If data are available in rows, it is necessary to transpose the data
set before further evaluation. An example is
'Summary Statistic'
table from Cornerstone without groups
as shown in the following table.
Statistic | MPG | Displacement | Horsepower | Weight | Acceleration |
---|---|---|---|---|---|
Count | 398.00 | 406.00 | 400.00 | 406.00 | 406.00 |
Mean | 23.52 | 194.78 | 105.08 | 2979.41 | 15.52 |
St. Dev. | 7.82 | 104.92 | 38.77 | 847.00 | 2.80 |
To use these data in further analysis or graphs, it is necessary to transpose the data so that they are available as shown in the following table.
colnames | Count | Mean | StDev |
---|---|---|---|
MPG | 398 | 23.52 | 7.82 |
Displacement | 406 | 194.78 | 104.92 |
Horsepower | 400 | 105.08 | 38.77 |
Weight | 406 | 2979.41 | 847.00 |
Acceleration | 406 | 15.52 | 2.80 |
If there are missing names in the header column, these will be assigned with Variable_1, Variable_2, etc. If there are duplicated names in the header, the duplicated names will be numbered accordingly.

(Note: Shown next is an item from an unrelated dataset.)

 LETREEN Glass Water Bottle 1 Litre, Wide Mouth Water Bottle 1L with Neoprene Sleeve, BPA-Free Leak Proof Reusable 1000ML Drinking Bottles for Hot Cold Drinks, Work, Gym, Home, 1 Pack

To achieve this result in 'Cornerstone'
, select the
'Analysis'
\(\rightarrow\)
'CornerstoneR'
\(\rightarrow\) 'Transpose Data'
menu from the corresponding record, as shown in the following
screenshot.
Transpose Data: Menu
In the appearing dialog select the variables 'MPG'
to
'Acceleration'
as predictors or responses. For this
function the division is irrelevant, because all selected variables are
transposed. The variable 'Statistics'
contains names for
the future columns and is optionally selected as
'Group by'
.
Transpose Data: Variable Selection
'OK'
confirms your selection and the following window
appears.
Transpose Data: R Script
Now click the green button (green arrow) or select the menu
'R Script'
\(\rightarrow\)
'Execute'
to have all calculations performed by
'R'
. The execution was successful, if the status bar in the
lower left corner shows the text
'Last execute error state: OK'
. Our result is available via
the menu 'Summaries'
\(\rightarrow\)
'Transposed Data'
as shown in the following screenshot.
Transpose Data: Result Menu
After clicking this menu, the dataset with the transposed data opens.
Transpose Data: Result Dataset
The 'Transpose Data'
function converts all data into
numeric values. If the conversion is not successful, missing values are
inserted. This conversion can be deactivated with the
'Script Variables'
dialog via the 'R Script'
\(\rightarrow\)
'Script Variables'
menu. The following dialog appears.
Transpose Data: Script Variables
If you uncheck 'Convert data to numeric'
, for example,
text is retained and is not replaced by a missing value.